On the basis of this evidence, no rational trier of fact could reasonably conclude that American Family acted negligently and in bad faith for failing to settle the case for the policy limit at the time the offer was made. Not only did the insured deny that she was the driver, but that denial was corroborated by two independent state po*605lice reports and was unchallenged by any other objective evidence.
But to combat this overwhelming evidence, Berryman relies on his allegation, though biased and unsupported; a legal presumption that Johnston was the driver because she was the owner, though rebutted by the evidence at the time; and the possibility that Berryman would find a credible expert to testify on his behalf (i e., that he was the passenger and not the driver), though remote and speculative in light of the evidence at the time. None of this evidence reasonably raises the specter of an adverse finding on liability in the state court accident case in light of the evidence available to American Family at the time, much less that the likelihood of liability in the case was “great,” which is what is required for Berryman to succeed under Illinois law.

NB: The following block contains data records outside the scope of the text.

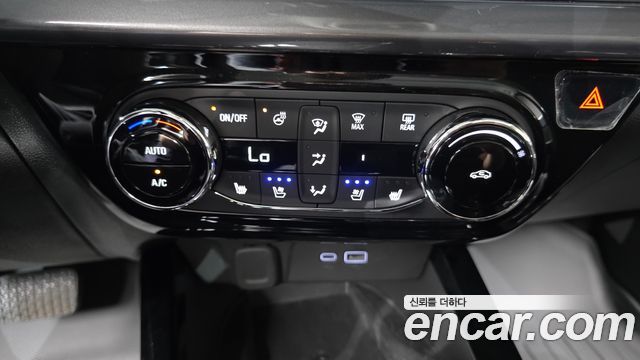 Chevrolet Trax Crossover 1.2 ACTIV 2024 — фото 23
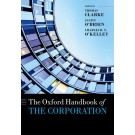 The Oxford Handbook of the Corporation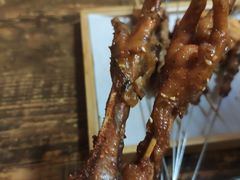 -有滋有味烧烤涮(果园星城C区店)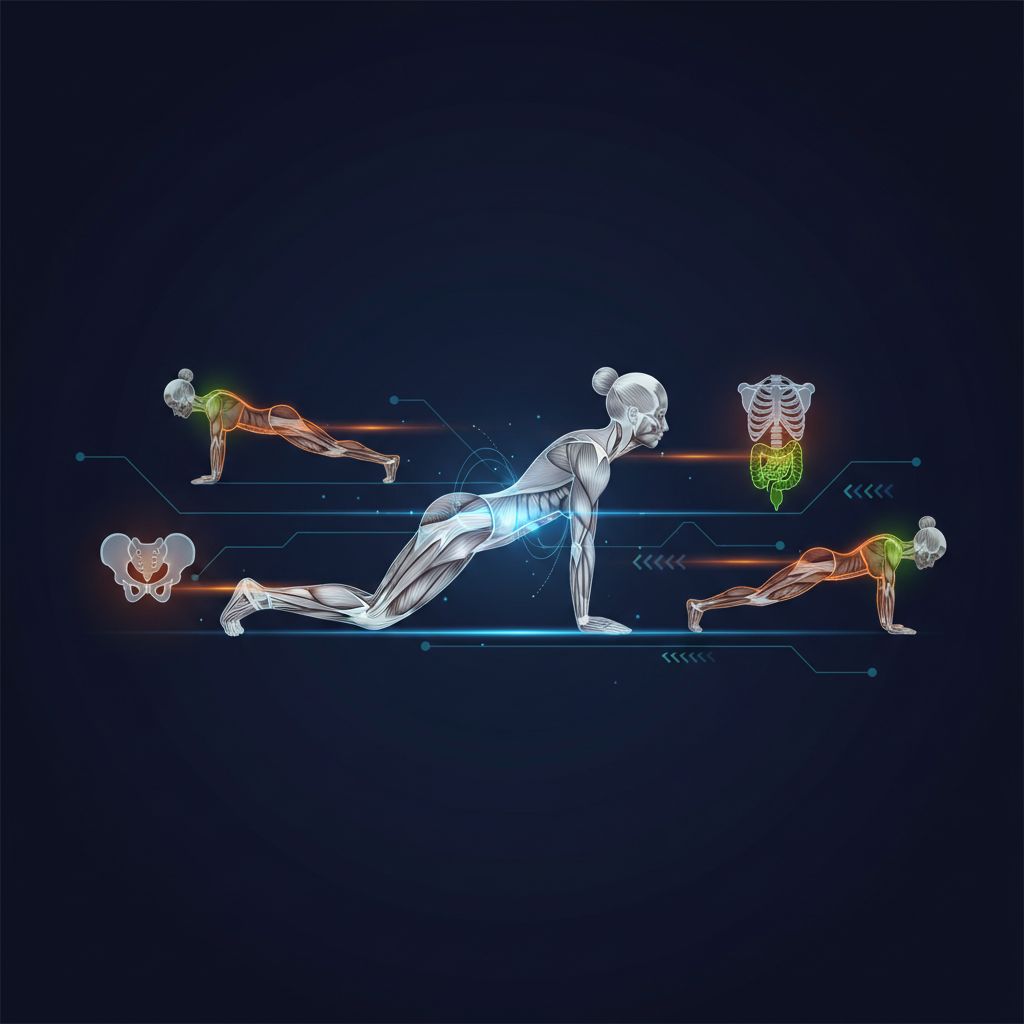 Diastasis Recti Plan: Rebuild Core Strength Safely at Home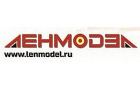 Lenmodel Logo Lenmodel Logo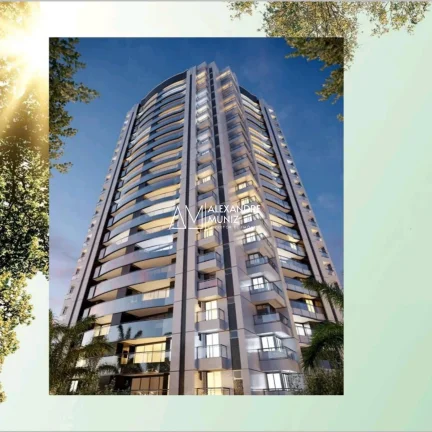 Imagem Platz, lançamento, apartamentos a venda, Cocó, 3 suítes, Fortaleza-CE.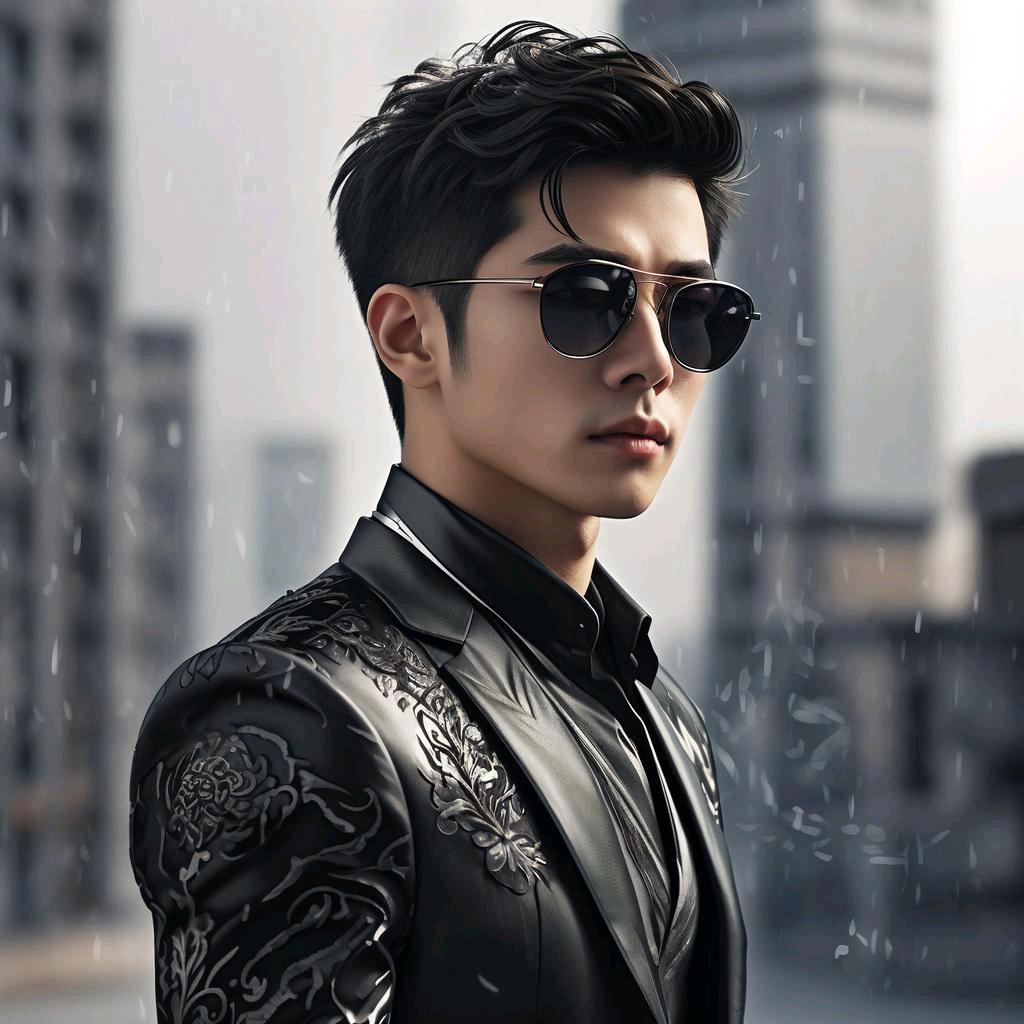 小杨哥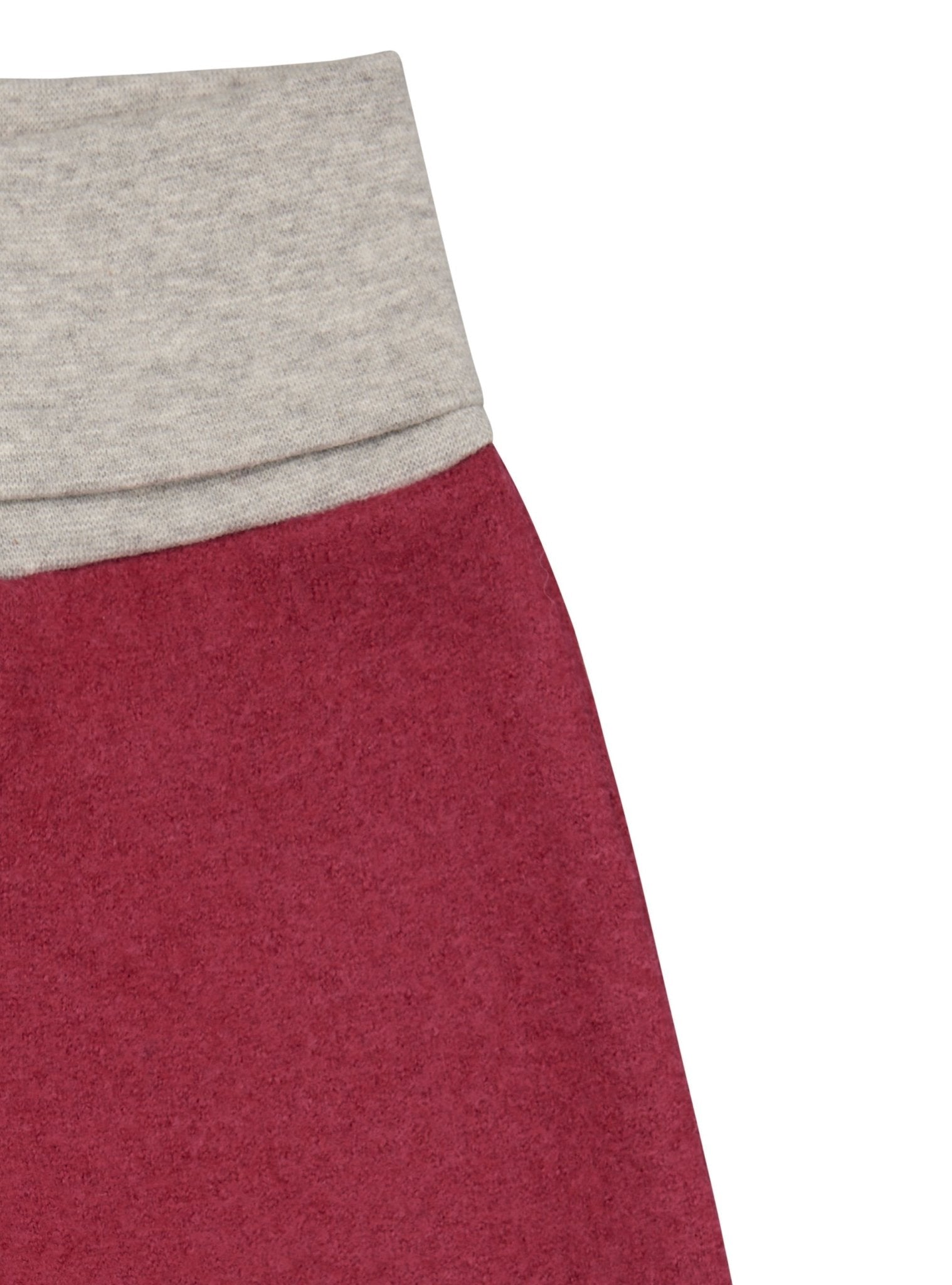 Hose Wollwalk - loud + proud - 4225 - rou - 62/68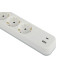 Сетевой фильтр Эра USF-4es-3m-2xUSBAC-W Б0059573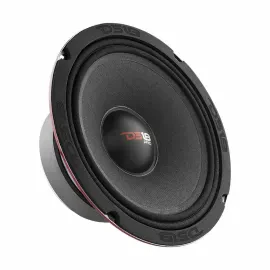 Среднечастотный динамик для автомобиля DS18 PRO-X8M PRO-X Series 8", 550W
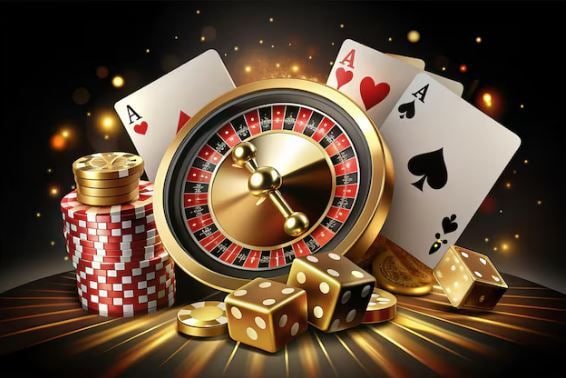 Platform mpo red menampilkan berbagai kategori permainan slot, live casino, dan sportsbook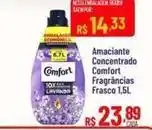 Max Atacadista Comfort - amaciante concentrado oferta
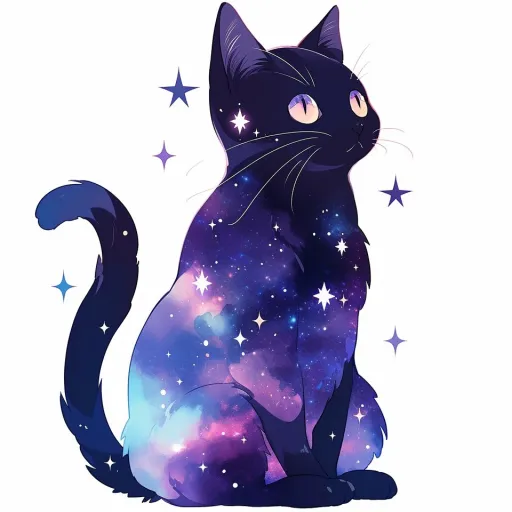 creator GalaxyCat123's avatar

Still, Berryman relies on his expert witnesses, David Dorris, an attorney, and Marshall Reavis, an insurance specialist, who both concluded and were prepared to testify that American Family acted negligently and in bad faith for failing to settle. However, the experts did not identify any other relevant evidence available to American Family at the time of the settlement offer that could discredit the overwhelming evidence that Berryman was the driver. More broadly, they failed to demonstrate any legitimate reason why at the time of the settlement offer the likelihood of liability in the state court accident case against Johnston was more than a negligible, theoretical possibility.
Without any evidence to suppose, or even speculate, that Berryman was the passenger and not the driver (or any objective reason to suspect that was the case), American Family reasonably determined at the time of the settlement offer that in light of the available evidence its case on liability was air-tight. The district court therefore properly granted summary judgment in favor of American Family.
AFFIRMED

. We grant American Family's motion to amend pleadings to show jurisdiction, under 28 U.S.C. § 1653, and deny Berryman’s motion to remand for lack of jurisdiction. As amended, we believe jurisdiction has been adequately pleaded.